Nun ja, wir wollen trotzdem mal schauen, wie die Fiasco 1200 ABS fährt. Noch auf der über drei Meter langen Einfahrt des Werksgeländes gibt Giovanni seinem ersten Pferd im Stall heftig die Sporen. In Zugzwang gebracht, lasse ich den Kupplungshebel der 700er Yamaha schnalzen und folge ihm spektakulär driftend durch den aufgewirbelten Staub. Gleich hinter dem Ortsende biegt der Mistkerl zackig auf eine seiner Hausstrecken ab.
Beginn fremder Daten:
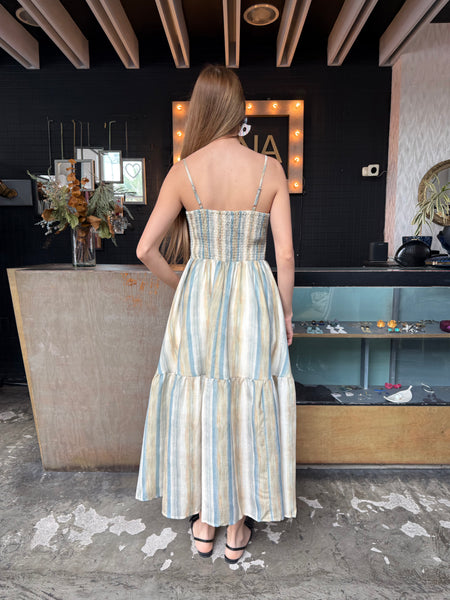 Vestido rayas 1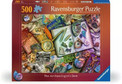 Puzzle 2D: Amiee Stewart Archeologia 500el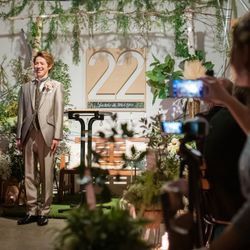 CAFE&WEDDING 22の挙式会場・演出写真10枚目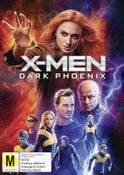 X-Men: Dark Phoenix (DVD) - New!!!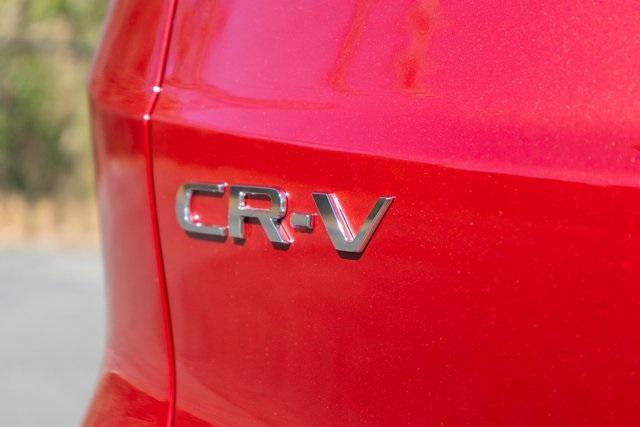 new 2025 Honda CR-V car, priced at $36,850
Als dreimaliger Toskanischer Meister in der 600er-Supersport-Klasse lässt er es immer noch ordentlich fliegen, und mit den angesagten „zirka 150 PS“ hat er dreimal soviel Leistung zur Verfügung wie ich. Doch wenn er glaubt, er könne mich so einfach abschütteln, dann hat er sich gewaltig ge­täuscht. Mit dem ausgeleierten Gaszug voll am Drossel­anschlag jage ich ihm im dritten Gang hinterher. Jetzt geht es auch noch leicht bergauf, und zwischen den vielen Kurven im hinterländlichen Winkelwerk gilt es, auf den Geraden tief gebückt im Windschatten dran zu bleiben. Richtig ernst wird es auf der schattigen Nordseite der Hügel. Von den Regenschauern in der vergangenen Nacht ist es in den Ecken noch feucht. Mit meinen Verschleiß-Slicks komme ich da natürlich ins Schlingern, während Giovanni mit aktuellen Tourensportgummis nahezu uneingeschränkte Traktionsvorteile hat. Bergab, vor den Kurven, kann er es zudem riskieren, viel später zu bremsen, denn er hat ja modernste Fahrwerkskomponenten – und ABS. Meiner jahrzehntelangen Übung am Limit und meinem ausgeprägten Fingerspitzengefühl habe ich es zu verdanken, dass ich trotz äußerst wid­riger Bedingungen bei diesem wahnsinnigen Tempo nicht stürze. Andere wären längst in den Straßengraben ausgeschieden. Auch Giovanni gibt das zu denken. Es entgeht mir nicht, wie er bei über 150 km/h immer wieder kurz in den Rückspiegel schaut und dann ungläubig den Kopf schüttelt. Er kann es wohl nicht fassen, dass ich ein so zäher, mit allen Wassern gewaschener Sauhund bin.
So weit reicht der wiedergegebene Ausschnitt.